Although narrow, King Street was wide enough to accommodate all the pageantry of state coronations, funerals and other such pageants that passed through it. The street was reportedly picturesque (4);

“The houses rose up three and four stories high; gabled all, with projecting fronts, story above story, the timbers of the fronts painted and gilt, some of them with escutcheons hung in front, the richly blazoned arms brightening the narrow way.”

However it was reportedly also dirty (4);

“The roadway was rough and full of holes; a filthy stream ran down the middle, all kinds of refuse were lying about.”

King Charles I travelled down King Street on the way from Whitehall Palace to his trial at Westminster. He went back by the same route as a condemned man. In 1658 Oliver Cromwell’s funeral procession followed the same route. Cromwell himself narrowly escaped assassination in the street, where he had a house north of Boar’s Head Yard. While travelling along the narrow and crowded street in his state carriage he became separated from his guard.
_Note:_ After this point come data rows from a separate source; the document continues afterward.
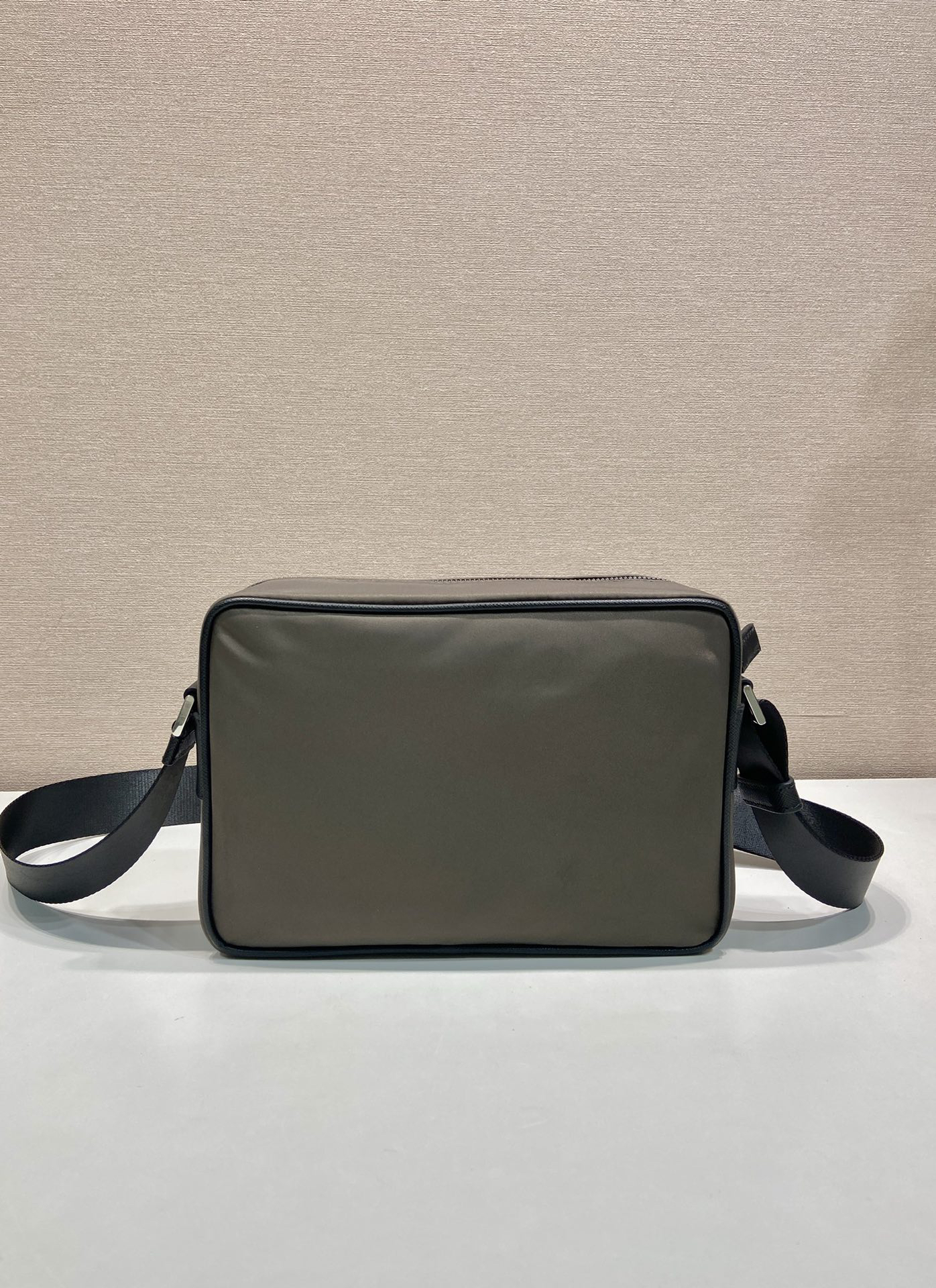 Prada Messenger Bag 2VH048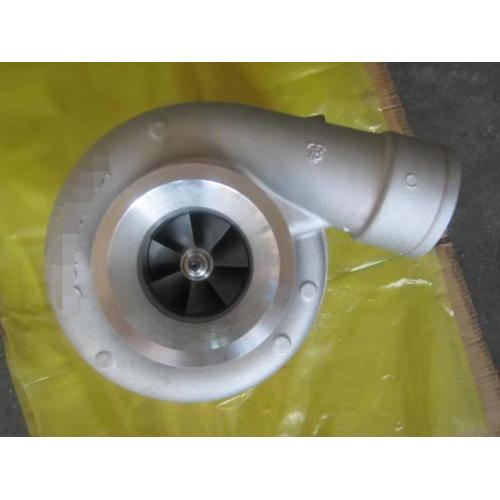 PC400-7 WA470-5 6D125 TURBOCHARGER DO MOTOR 6156-81-8110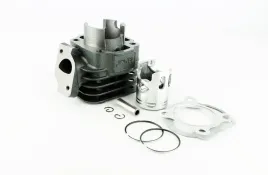 cylinder-2t-60ccm-44mm-sw-10mm-kpl-jog-quantum-anh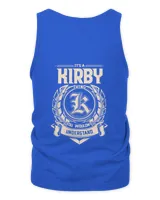Men's Tank Top Men's Tank Top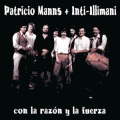 Patricio Manns、Inti Illimani - Las Caidas
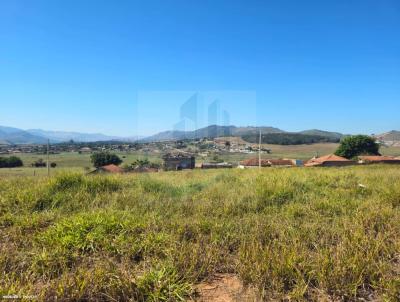 Lote para Venda, em Santa Rita do Sapuca, bairro VIVA BEM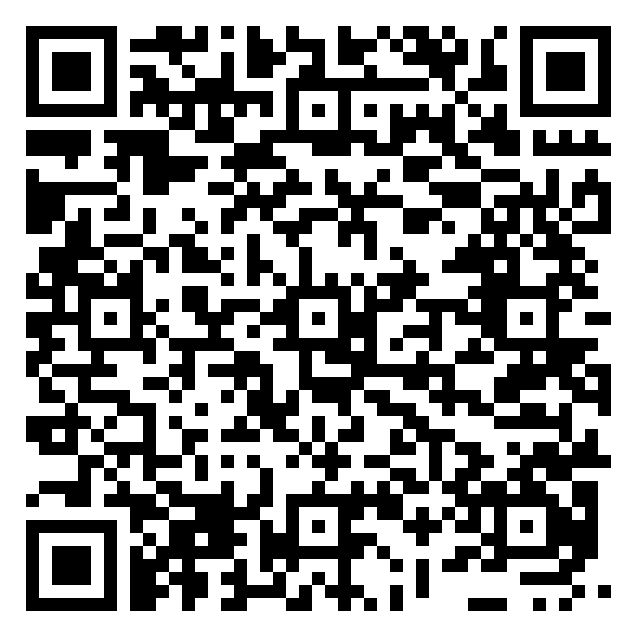 kod QR z danymi kontaktowymi 36251706200000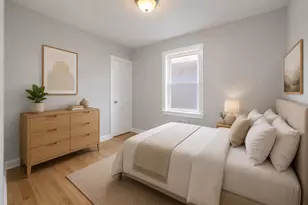 1532 Lombard Ave, Berwyn, IL 60402 - Photo 13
As the carriage passed a cobbler stall in the street Cromwell’s companion in the coach, Lord Broghill, saw a door in the premises open and shut, while something glittered behind it. Broghill immediately dismounted from the carriage and hammered at the cobbler’s door with his scabbard, when a tall man, armed with a sword, rushed out and made his escape into the crowd.

The Blue Boar's Head in King Street - A mid 19th century view of the inn post its re-building in the mid 18th century.

The Blue Boar’s Head in King Street – A mid 19th century view of the inn post its re-building in the mid 18th century.

Even in the mid-17th century the Bell tavern was regarded as an ancient establishment. The first known mention of the tavern occurs in 1465. Approximately 50 years later it is referred to as follows (5);

“A tenement called the Bell with a medowe and all the tenementes perteynyng to the same sett in the Kynges strete of Westminster.”

Not surprisingly the Bell Tavern was one of half a dozen taverns in King Street that was regularly visited and mentioned by Samuel Pepys’ in his diary. This particular tavern gets five mentions in the diary between March 1660 and February 1666/7 and was the location of one of his many extra marital liaisons on at least one occasion.

Shrove Tuesday 6th March 1660 – “So I went to the Bell, where were Mr. Eglin, Veezy, Vincent a butcher, one more, and Mr. Tanner, with whom I played upon a viall, and he a viallin, after dinner, and were very merry, with a special good dinner, a leg of veal and bacon, two capons and sausages and fritters, with abundance of wine. After that I went home…”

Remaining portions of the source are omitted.